Recostarse en el asiento y mirar por la ventana -no es una ventanilla, sino una enorme ventana que se abre al mundo- es un acto casi romántico, decimonónico, eterno. El tiempo parece congelarse e incluso los contratiempos del viaje se viven de otra forma, como una invitación a una aventura inesperada. El tren se detiene, sin previo aviso, en mitad de la nada. Quizás en mitad de la noche. Se silencian los motores y el pasaje se agita por unos instantes. Todos se dirigen a las ventanas, a las puertas. Alguien se asoma, se atreve a imaginar en voz alta una causa de la parada imprevista. Es una avería, una gran nevada que ha bloqueado las vías, el desbordamiento de un río o un cable de tensión caído sobre la catenaria. Todo el mundo da entonces su opinión, se disparan las fantasías. Pero en general un contratiempo así se vive más como una pequeña aventura que como un fastidio. Al menos así lo vivo yo.

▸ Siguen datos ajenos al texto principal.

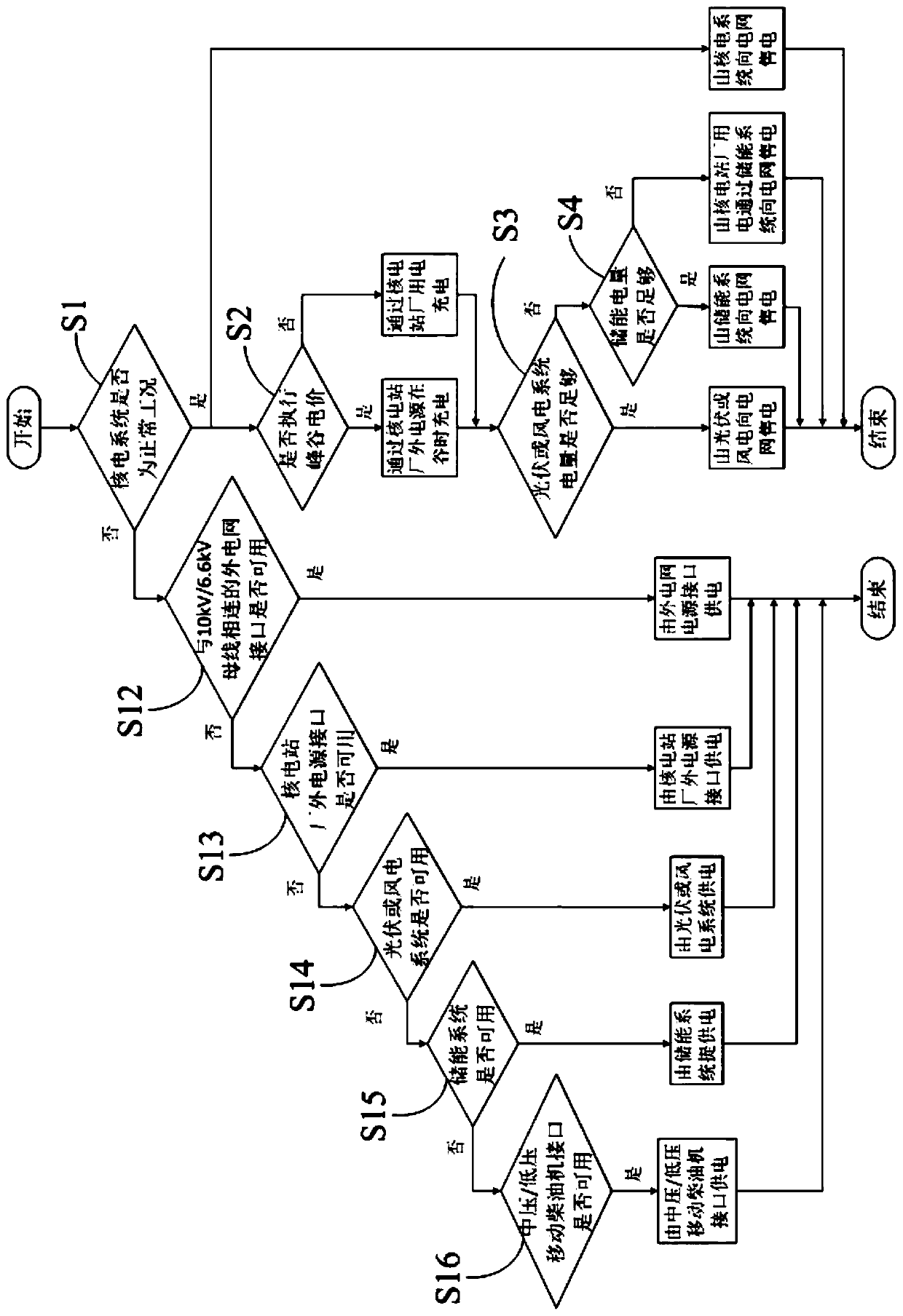 Combined clean energy power generation system and operation method thereof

Nunca olvidaré el trayecto en tren desde Budapest hasta Cluj Napoca, en Rumanía, atravesando Transilvania en mitad de la noche, sobrecogido por la mítica del territorio. Hubo casi de todo. Pasos de frontera con policías aporreando la puerta del camarote a las tres de la mañana para pedirnos los pasaportes, un desconocido compañero de viaje, borracho y ruidoso en la litera de abajo, las paredes de las montañas que pasaban tan cerca de las ventanas del tren que parecía que las fuéramos a rozar. Y la sensación de llegar a una Europa irreal, remota y pretérita. Fue un viaje largo, duró toda la noche hasta que llegamos a nuestro destino, pero había también una excitación adicional entre nosotros, la percepción de estar haciendo un viaje también en el tiempo.

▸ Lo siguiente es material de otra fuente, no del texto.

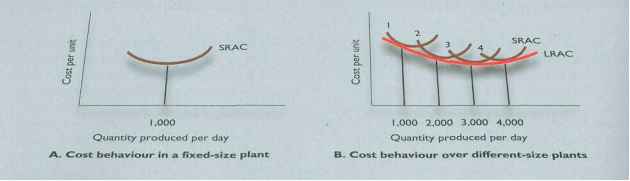 Sales Promotion Different Levels
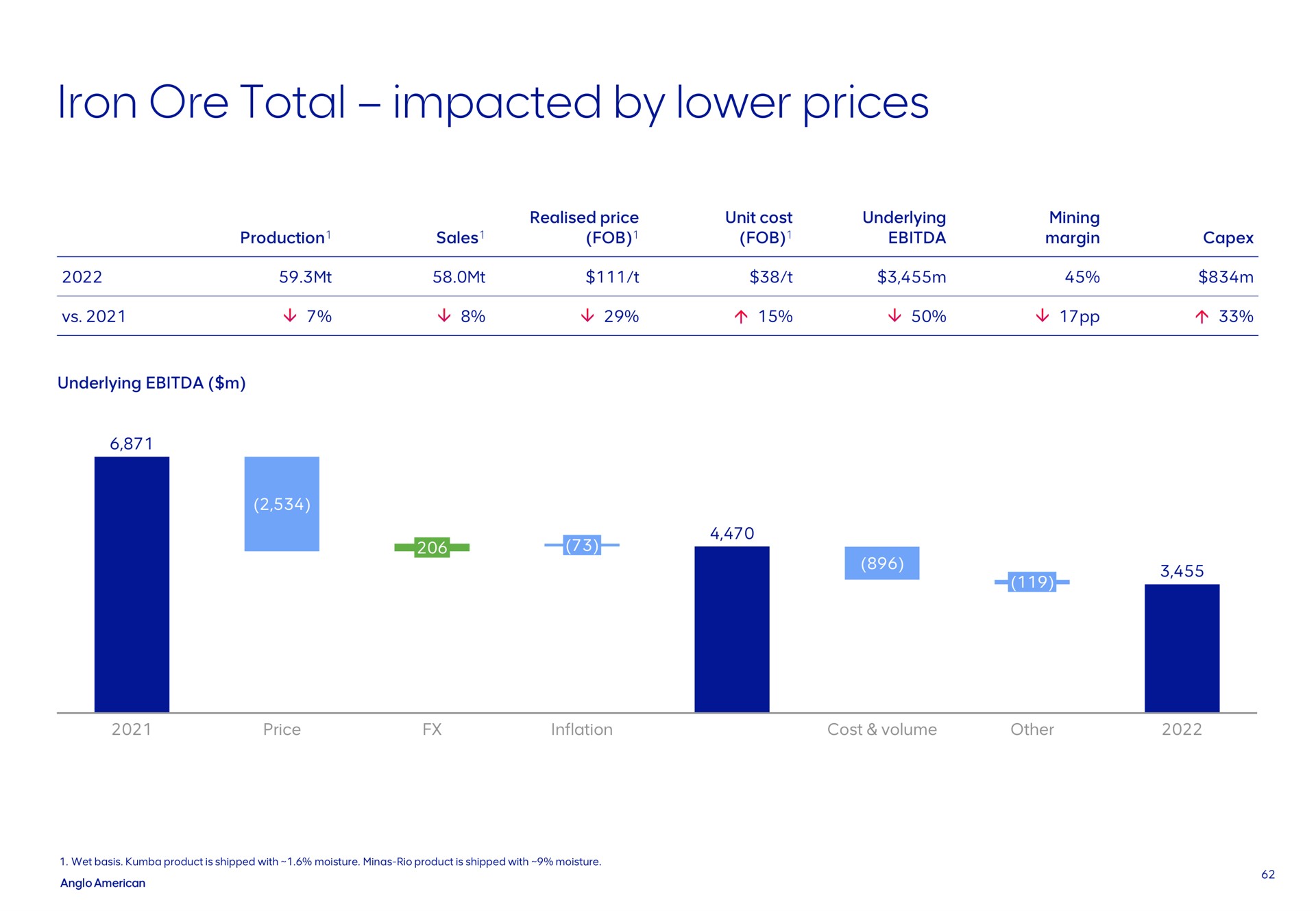 iron ore total impacted by lower prices | AngloAmerican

También las estaciones son lugares especiales. O lo eran. Cruces de caminos en los que aún se respira un aire más evocador, agradable y romántico que en los aeropuertos. Hablo, claro está, de las estaciones antiguas, las que se construyeron antes de que llegasen los nuevos arquitectos. En estaciones como la de Oporto, la de Santa Lucia, la Estación de Francia en Barcelona o la incomprensiblemente abandonada Estación del Norte en Madrid se podía sentir el peso de las historias vividas en ellas, las despedidas y los reencuentros, las huidas, las llegadas en busca de un amor, de una vida mejor. Todo eso que el tren nos ofrece aún, a pesar de las prisas que marcan el ritmo de nuestros días.